People Who Need People

Seattle Opera's Don Pasquale is missing the humor of humanity.

COMIC OPERA IS funny because people are funny, so the more puppetlike a production’s characters are, the less funny it is. That’s my theory, at least, but opera directors who disagree can find safe haven at Seattle Opera, where Stephen Terrell has taken commedia dell’arte as a model for the current production of Donizetti’s Don Pasquale (running through Saturday, Jan. 25 at the Mercer Arts Arena).

Fair enough, Pasquale‘s four main characters—Ernesto, Norina, Pasquale, and Malatesta—clearly echo the stock types of commedia dell’arte: two young lovers, the pompous Pantalone, the wily Dottore. But if you want to talk stage history, consider the reason comic opera flourished in the first place: as a counterweight to opera seria, all about gods, heroes, and noblemen. Opera buffa presented the middle class and their servants in domestic settings—much like the audience, who came to enjoy society’s follies whenever they weren’t in the mood for elevated passions. And in Terrell’s production, commedia influence means mechanical hyperactivity—little gestures, mugs, and twitches that never come from or add up to a character, just bits of shtick, glued like sequins onto a paper doll.

Terrell’s is a one-size-fits-all concept, applied even to one of comic opera’s most multifaceted characters. Pasquale‘s lead soprano part is really three roles in one: Norina, Ernesto’s secret lover, poses as “Sofronia,” fresh from the convent and presented to Ernesto’s uncle Pasquale as the perfect marriage candidate. But once they’re wed, she turns into a spendthrift harpy; Pasquale, to be rid of her, consents to Ernesto’s marriage to Norina. The plot is revealed. Laughter, reconciliation, curtain. Yet as Norina, the shy Sofronia, or the shrewish Sofronia, Harolyn Blackwell was busy and stylized in always the same way, with hips, shoulders, and arms ever on the go.

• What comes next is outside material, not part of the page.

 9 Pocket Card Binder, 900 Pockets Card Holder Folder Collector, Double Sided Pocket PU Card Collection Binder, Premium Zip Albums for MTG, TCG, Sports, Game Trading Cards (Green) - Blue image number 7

She sang, though, with grace and precision; right from her demanding entrance aria, she led the cast in Italianate ease and flexibility. As Ernesto, Jeffrey Francis offered some very pretty soft notes but tended to stiffen up anywhere above a mezzo-piano. He relaxed by his Act III serenade—less effortful, if still somewhat mannered. In the title role, Eduardo Chama generally seemed unfocused, with pitch, rhythm, and projection often not quite there.

David Centers’ sets were handsome, especially Pasquale’s salon, all in rich browns that looked carved out of chocolate. But in this inviting setting, all we got were caricatures to laugh at rather than human beings to laugh with.